**Exercise directions**
In the records that follow, count the lines where the string "Wide" appears, and give the count with nothing added.

**Provided records**
———
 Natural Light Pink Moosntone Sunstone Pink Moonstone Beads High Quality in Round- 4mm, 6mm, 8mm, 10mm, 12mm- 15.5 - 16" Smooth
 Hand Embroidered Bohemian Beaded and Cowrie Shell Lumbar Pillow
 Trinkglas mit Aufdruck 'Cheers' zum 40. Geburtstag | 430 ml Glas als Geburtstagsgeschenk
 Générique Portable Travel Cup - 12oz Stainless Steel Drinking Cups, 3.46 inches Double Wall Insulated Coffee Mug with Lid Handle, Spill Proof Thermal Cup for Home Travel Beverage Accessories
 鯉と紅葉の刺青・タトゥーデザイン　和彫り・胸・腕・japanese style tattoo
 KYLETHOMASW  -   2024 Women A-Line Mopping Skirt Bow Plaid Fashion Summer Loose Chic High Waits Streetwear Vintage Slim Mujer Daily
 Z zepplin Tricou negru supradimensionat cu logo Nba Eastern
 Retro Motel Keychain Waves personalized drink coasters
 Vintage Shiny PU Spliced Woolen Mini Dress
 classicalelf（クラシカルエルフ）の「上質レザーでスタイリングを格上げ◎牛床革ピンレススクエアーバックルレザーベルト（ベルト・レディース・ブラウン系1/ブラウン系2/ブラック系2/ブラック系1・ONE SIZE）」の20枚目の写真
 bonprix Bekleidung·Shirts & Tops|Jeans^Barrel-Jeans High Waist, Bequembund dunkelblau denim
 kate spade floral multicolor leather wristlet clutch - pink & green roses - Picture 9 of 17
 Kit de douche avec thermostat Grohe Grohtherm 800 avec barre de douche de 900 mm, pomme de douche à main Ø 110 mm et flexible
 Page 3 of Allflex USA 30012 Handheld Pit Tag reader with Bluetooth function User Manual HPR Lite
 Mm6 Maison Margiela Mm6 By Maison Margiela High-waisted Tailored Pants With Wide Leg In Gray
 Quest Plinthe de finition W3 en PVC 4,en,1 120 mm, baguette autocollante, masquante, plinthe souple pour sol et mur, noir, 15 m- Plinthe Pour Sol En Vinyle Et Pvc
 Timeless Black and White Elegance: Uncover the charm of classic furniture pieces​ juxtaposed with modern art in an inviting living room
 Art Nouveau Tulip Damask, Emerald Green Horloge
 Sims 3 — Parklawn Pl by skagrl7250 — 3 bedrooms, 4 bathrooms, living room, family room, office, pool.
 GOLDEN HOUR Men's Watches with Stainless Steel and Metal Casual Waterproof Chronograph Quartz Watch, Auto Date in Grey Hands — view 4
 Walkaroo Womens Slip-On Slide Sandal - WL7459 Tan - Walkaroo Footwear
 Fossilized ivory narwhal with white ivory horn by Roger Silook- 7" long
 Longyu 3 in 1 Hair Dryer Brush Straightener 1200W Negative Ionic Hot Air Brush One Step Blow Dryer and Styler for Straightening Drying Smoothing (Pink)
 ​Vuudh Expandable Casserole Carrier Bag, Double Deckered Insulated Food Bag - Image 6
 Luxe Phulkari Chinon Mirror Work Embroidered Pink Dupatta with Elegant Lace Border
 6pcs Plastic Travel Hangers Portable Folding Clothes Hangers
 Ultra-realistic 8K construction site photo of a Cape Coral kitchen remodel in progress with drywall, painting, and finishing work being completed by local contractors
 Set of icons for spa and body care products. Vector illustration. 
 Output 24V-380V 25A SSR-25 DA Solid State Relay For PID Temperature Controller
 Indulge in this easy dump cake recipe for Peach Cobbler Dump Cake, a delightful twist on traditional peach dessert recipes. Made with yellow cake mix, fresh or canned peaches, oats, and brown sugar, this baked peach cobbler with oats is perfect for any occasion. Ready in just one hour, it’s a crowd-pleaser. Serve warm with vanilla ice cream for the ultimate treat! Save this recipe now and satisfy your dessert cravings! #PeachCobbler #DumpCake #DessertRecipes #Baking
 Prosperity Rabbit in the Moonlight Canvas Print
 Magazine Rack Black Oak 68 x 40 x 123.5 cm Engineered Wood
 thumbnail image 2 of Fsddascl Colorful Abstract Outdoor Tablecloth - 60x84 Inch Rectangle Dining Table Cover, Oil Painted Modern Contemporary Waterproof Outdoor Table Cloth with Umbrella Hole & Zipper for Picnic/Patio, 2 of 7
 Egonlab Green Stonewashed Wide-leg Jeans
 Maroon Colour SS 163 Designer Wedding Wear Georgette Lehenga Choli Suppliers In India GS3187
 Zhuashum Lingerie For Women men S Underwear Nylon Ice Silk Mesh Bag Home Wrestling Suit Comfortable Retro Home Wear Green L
———
**Answer to this exercise**
2